Some of the most thrilling stories I’ve ever heard are those of treasure hunts. Explorers, pirates, and detectives alike all strike out on a mission to obtain the objects of their desires—whether the value be monetary or sentimental. Within the literary world, we have our own lost treasures: famous manuscripts misplaced by time or destroyed at the hands of frustrated writers or natural disasters. Here are five of the most famous missing or destroyed manuscripts.
1. Conversation at Midnight
Written by the Pulitzer Prize-winning poet Edna St. Vincent Millay, this manuscript was devoured by a hotel fire in 1936. Though the original work was lost, Millay was able to remember aspects of the first draft that were pieced together to construct the finished product. This is a feat I greatly admire, as I can barely remember what I’ve written on a Microsoft Word Document ten seconds after my computer dies.
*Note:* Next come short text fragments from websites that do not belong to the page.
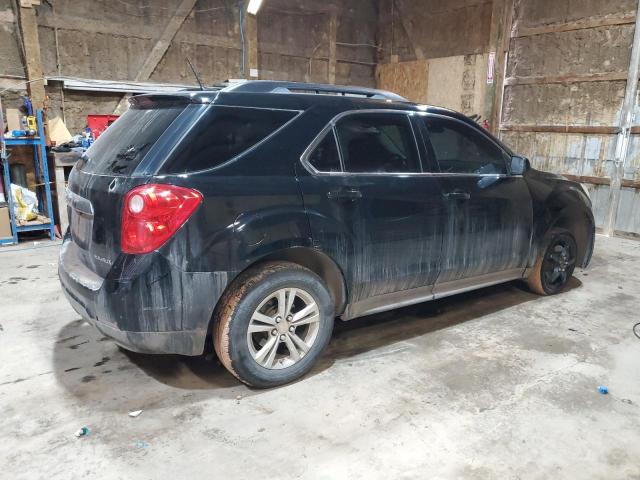 Photo 3 from auction – 2014 CHEVROLET EQUINOX LT with VIN 2GNFLFEKXE6274455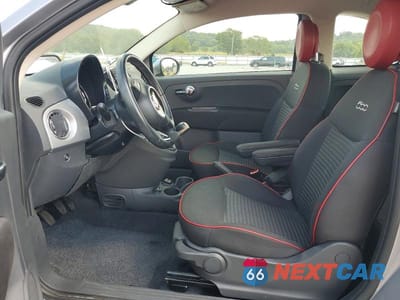 Zdjęcie 7 z 12 samochodu: 2018 FIAT 500 POP VIN:3C3CFFKH7JT335458 - miniatura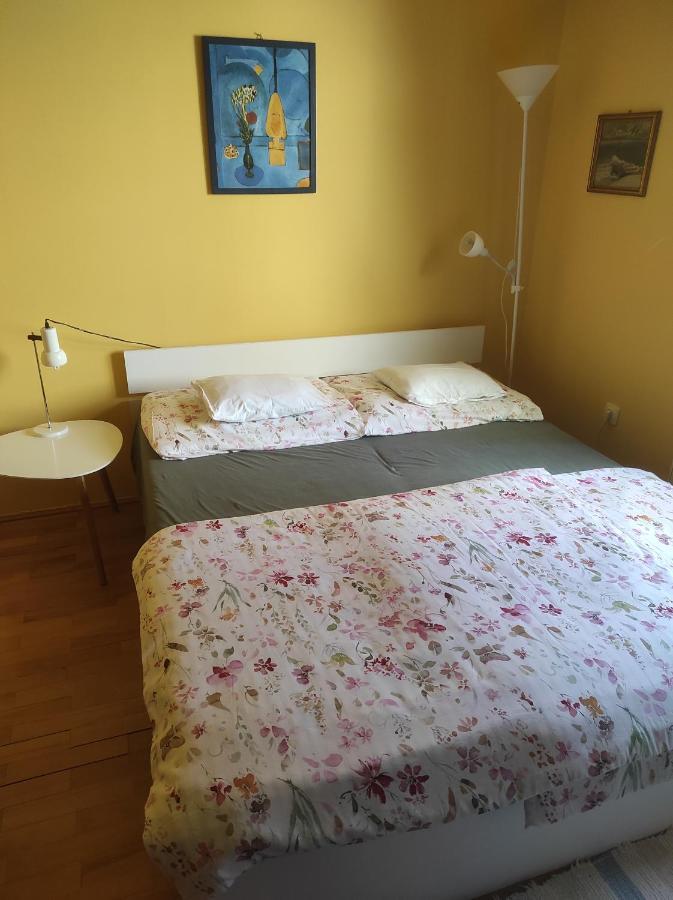 Benaja Swiss Nyaralóház Keszthely Exterior foto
Allegedly performed for King James I in the 1600s, this play by William Shakespeare is nowhere to be found. Whether it might have been dropped into the ocean, destroyed by a fire, mistakenly left at a pub, or used to make paper airplanes that soared to a desert island is up for debate.
3. Dead Souls
Though part one of this Russian classic is intact, parts two and three of Nikolai Gogol’s creation met their fiery end at the suggestion of a Russian priest. Which is ironic, when you think about it.
4. World War I Writings
A collection of Ernest Hemingway’s writings and reflections regarding his experiences of World War I were in a suitcase that was stolen from his (first) wife while she was traveling from Paris to Switzerland. In addition to depriving the world of a piece of Hemingway, these thieves may have unknowingly planted the conflict that led to Hadley and Ernest’s divorce.
5. Stephen Hero
Written by James Joyce as a precursor to A Portrait of the Artist as a Young Man and published after his death, the book is unfinished. A dissatisfied Joyce threw the manuscript into the fire, and the chunks that remain were salvaged by his wife, Nora.
Though most of these manuscripts are likely never to be seen again, there is always a glimmer of hope. Buried in the backyard, collecting dust in an attic, or sitting quietly in an old stolen suitcase, there just might be a treasure waiting to be found.